Imperfect27 Sun 21-Feb-16 18:16:50

nigglynellie how sad for your family. No parent expects to outlive their child, but I am learning through the years that we keep them very close in our hearts. We inevitably think of what might / should have been as we come across significant anniversaries and landmark events and it must be particularly poignant for you aunt to be without her son in her later years. I have been so sad that my DD is not here to be 'auntie' to my little GS. Sending (((hugs))) and flowers

nigglynellie Mon 22-Feb-16 15:06:13

Thank you for your very kind words, and hugs for you too,imperfect27. I'm sure all these threads are really helpful to every one who has experienced deep sorrow. As someone said, you never get over the death of someone you deeply love, you just learn to live with it. I've found that grief has a habit of jumping out and smacking you when least expected. I've coped by being quite severe with grief and very firmly putting it back in its box. This works (sometimes!)for me, but I know not for everyone.

Imperfect27 Tue 23-Feb-16 06:59:55

I know what you mean nn. I have sometimes resented the very real physical, as well as emotional impact of grieving and felt from the outset that I mustn't let it defeat me or define me, but we all grieve differently and how we cope depends on a variety of factors, including the support we receive and other demands upon us. I was able to go gently at first, which was very helpful to me, but within a year I had completely thrown myself into a full-on new career, training to be a teacher whilst still a single parent to three other grieving 'children'.

Looking back, I don't feel I had the time or the energy to grieve very much, but I think the work of grieving does need to happen. My daughter died on an August bank holiday weekend so I have always been on holiday at the time of her anniversary and for the first few years it really hit me hard each time - the greyness descending almost as soon as I singed off from work in July - possibly because I didn't have much time to reflect during the rest of the year. That is getting better nine years on ... the bleak days are fewer and more confined to the week or so before the anniversary, - but not a 'choice' on my part. I just feel like I have been run over by a truck for a few days every year.

I think grief does need to be managed, not given in to, but it is not something we can control, so much as endure and try to move through in positive ways. Not everyone has the emotional strength or support to do that - I feel I have been very fortunate to make a good life beyond losing my daughter. I didn't expect to, but I know she would be pleased for me. xx

nigglynellie Tue 23-Feb-16 10:33:01

When my parents died a poem of the two rats (they weren't!) constantly went through my head. It goes like this.

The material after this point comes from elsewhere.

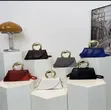 Luxury Ladies Asymmetric Handbag - 2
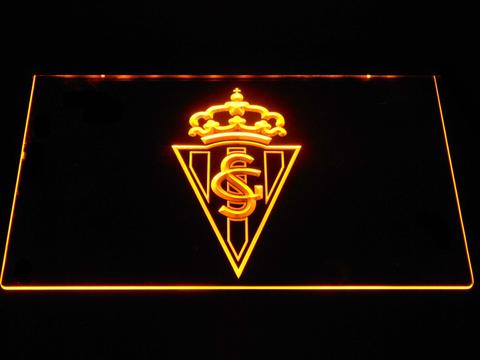 Sporting de Gijón neon sign LED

He was a rat, and she was a rat,
and down in a hole they did dwell,
They were both as black as a witches cat,
and they loved each other well.

First he ventured out, then she ventured out,
and I watched them go with pain,
For where they went, I never could tell,
For they never came back again.

This never fails to bring tears.

Imperfect27 Wed 24-Feb-16 08:37:55

I still catch myself thinking ' I'll phone mum and ask her ...' Being an orphan at any age is still rubbishy! *nigglynellie flowers xx

I think poems and songs quickly take us to very special memories - I think of my dad whenever I hear 'come on Eileen' - try to overlook the lyrics - this was the music to a 'last dance' I had with my dad. For my mum, anything by Nat King Cole. And for my daughter 'Don't Stop Me Now' by Queen - any of these played unexpectedly on the radio will easily bring tears and smiles too.

mollie Wed 24-Feb-16 09:29:25

There's a song in Les Mis that was a favourite until my son died. Now I can't bear to hear it because it has the line 'bring him home' and whenever I hear it I imagine my son being brought back from London to Buckinghamshire by the funeral directors. Of course it reduces me to tears. There are so many musical associations connected to my son that I couldn't put the radio on for years afterwards. Now I listen to Classic FM for safety. No connections there! Lol!